Knowing nothing of the management world and itching for a change, any change, Esperian jumped out of the frying pan into the well-known fire. She went with Bill Garry Guerri at Columbia, whereupon she promptly got lost in another large company with a big roster. “He is a perfectly nice man, but I think they didn’t know me, or what I do, well enough. My career had been primarily in Europe and they had never heard me do my best things. And, frankly, I wasn’t hot. They had other people who were hot that they were pushing. I was with Columbia for two years. Two lost years. I am surprised that I stayed so long when nothing was happening. People were saying that I had retired. I believe in Destiny; it allowed me to be home with my son for two very important years, but it was a painful time. No one was calling to ask for me and I still had so much to give. My voice was coming back, and I believe I needed that removal from the stress. I needed to go back to my original joy in singing, the reason I wanted to do it in the first place. I was na•ve and I think that is a beautiful thing. It keeps your vulnerability intact. So, in a way, it was the best thing that could have happened.”

Esperian credits Tibor Rudas, the “Hungarian Barnum,” whom she terms “a very loyal man,” for keeping her afloat during the difficult years by sending her out on short tours with his “Three Sopranos” package. Her success in this venue made her all the more eager to resume her career full time; she knew that she had to get new management at once, and this time it had to be right. “I had met Matthew Laefer Laifer in Italy,” she recalls. “He was so nice to me and I could tell it was genuine. I also could see how hard he was working for his artists. At this time, I got a manager, hired a publicist and I found a voice teacher, Bill Schuman in the Ansonia. Again, someone was watching out for me. It’s like deja vu, but this time I feel ready, I feel reborn. It is such a high for me to be able to make the sounds that I always knew I could make. It is important to me not to let down the people who have believed in me and my talents.”

Alice Ford in Falstaff at Lyric Opera of Chicago began Kallen Esperian’s 1999-2000 season, which continued with her Dallas Opera debut as Rosalinde in a new production of Die Fledermaus. Just completed is a new Verdi role, Elisabetta in Don Carlo at the Bayerische Staatsoper under Zubin Mehta and soon to come is Gulnara in Il corsaro at the Athen Megaron, which will be televised.

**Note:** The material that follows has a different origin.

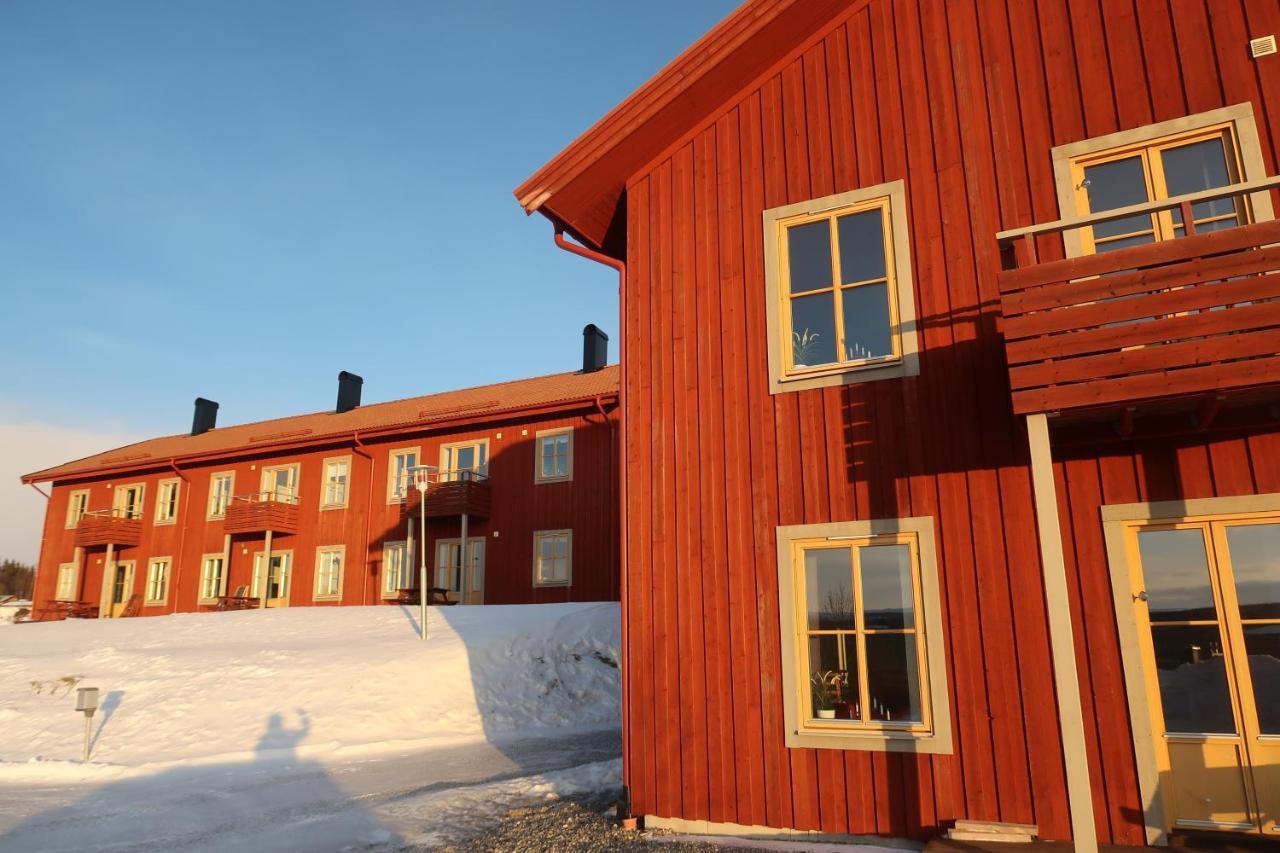 Funaesdalsporten Roeda Husen Funaesdalen Bagian luar foto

In 2002 she adds two Puccini roles to her repertoire: Manon Lescaut and Madama Butterfly in Munich and Amsterdam. “I have been very lucky,” Esperian says fervently. “If my career were to halt now, I could look at the things that I have been able to do, the people I have performed with and know I’ve been blessed. I feel like Cinderella! These things are amazing to me. I remember watching Placido sing Otello on TV when I was in college and never dreaming that one day it would be me. What are the chances of that? You’ve got to follow that dream and cherish every moment of it. Enjoy it. Try not to get so bogged down in the politics and the stress and nerves of the business that you forget to enjoy the singing.”